**About this task**
From the line containing "LAMPU SOROT SPOTLIGHT" to the last line of the listing, both included, copy every line exactly and drop the pictures.

**Input data**
[Start of section]

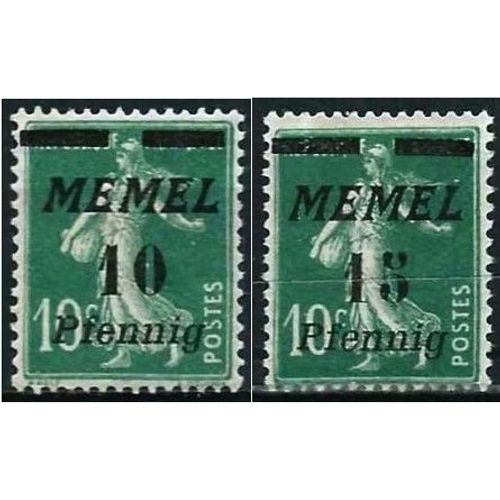 Lituanie, Enclave De Memel Sous Administration Française 1922, Beaux Timbres Neufs* Yvert 47 Et 48, Type Semeuse 10c. Vert Surchargé "Memel 10 Pfennig" Et "Memel 15 Pfennig",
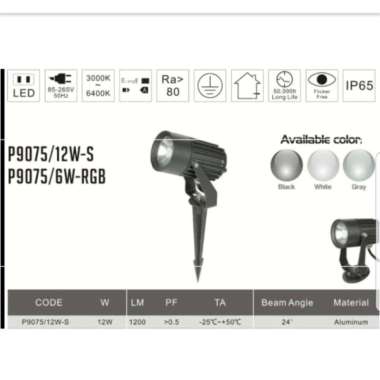 LAMPU SOROT SPOTLIGHT TAMAN OUTDOOR 12 WATT WATERPROOF LED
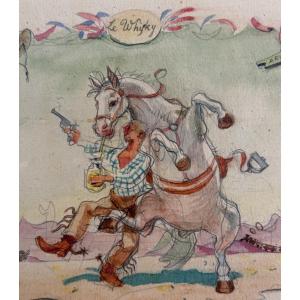 Drawing Jean Terles Le Whisky Cow Boy Alcohol Cactus Far West Illustrated Horse 1950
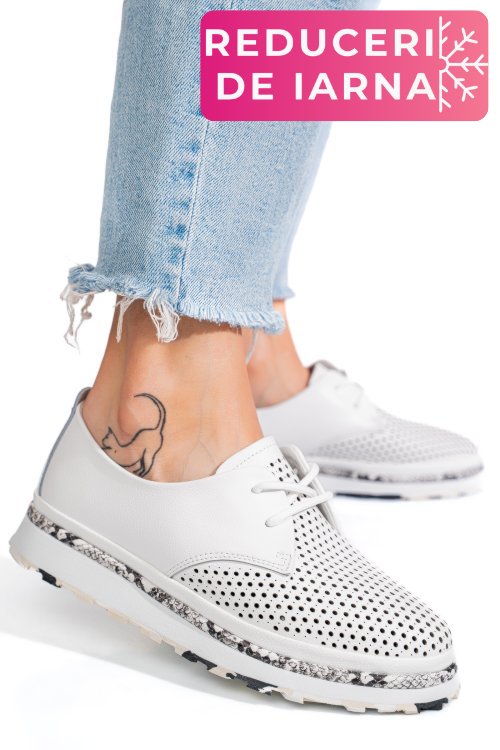 Pantofi albi piele naturala jspy3930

[End of section]

**Output**
 LAMPU SOROT SPOTLIGHT TAMAN OUTDOOR 12 WATT WATERPROOF LED
 Drawing Jean Terles Le Whisky Cow Boy Alcohol Cactus Far West Illustrated Horse 1950
 Pantofi albi piele naturala jspy3930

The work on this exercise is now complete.